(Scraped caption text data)

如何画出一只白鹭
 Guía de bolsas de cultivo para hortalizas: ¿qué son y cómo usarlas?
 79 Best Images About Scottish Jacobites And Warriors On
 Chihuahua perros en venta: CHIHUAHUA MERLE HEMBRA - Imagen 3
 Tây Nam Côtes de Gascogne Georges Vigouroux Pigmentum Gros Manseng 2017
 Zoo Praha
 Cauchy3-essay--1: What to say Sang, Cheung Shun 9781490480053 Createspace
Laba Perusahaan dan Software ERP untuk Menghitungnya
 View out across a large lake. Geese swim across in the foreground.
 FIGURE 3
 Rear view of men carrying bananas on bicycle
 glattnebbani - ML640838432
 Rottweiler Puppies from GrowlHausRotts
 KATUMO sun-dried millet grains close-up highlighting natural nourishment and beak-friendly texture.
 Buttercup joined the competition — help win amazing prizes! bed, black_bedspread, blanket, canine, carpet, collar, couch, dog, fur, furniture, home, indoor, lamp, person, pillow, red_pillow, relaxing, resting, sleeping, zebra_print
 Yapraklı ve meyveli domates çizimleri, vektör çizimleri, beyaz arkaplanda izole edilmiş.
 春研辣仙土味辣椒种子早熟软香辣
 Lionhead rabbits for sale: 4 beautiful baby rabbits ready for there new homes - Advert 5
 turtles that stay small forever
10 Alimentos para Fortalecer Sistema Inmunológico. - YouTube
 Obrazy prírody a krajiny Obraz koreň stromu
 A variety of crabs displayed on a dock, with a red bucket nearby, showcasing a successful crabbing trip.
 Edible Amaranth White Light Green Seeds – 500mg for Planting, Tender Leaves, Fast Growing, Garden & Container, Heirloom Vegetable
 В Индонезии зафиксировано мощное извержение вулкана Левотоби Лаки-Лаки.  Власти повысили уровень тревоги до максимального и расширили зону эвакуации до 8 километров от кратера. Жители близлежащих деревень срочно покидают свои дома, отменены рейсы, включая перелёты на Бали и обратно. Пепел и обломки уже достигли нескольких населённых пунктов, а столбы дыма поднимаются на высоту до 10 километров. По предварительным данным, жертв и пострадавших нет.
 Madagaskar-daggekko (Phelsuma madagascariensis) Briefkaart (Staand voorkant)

● Problem requirements
For the word "para", count the lines of the records above that hold it and state only that count.

● Response for this exercise
2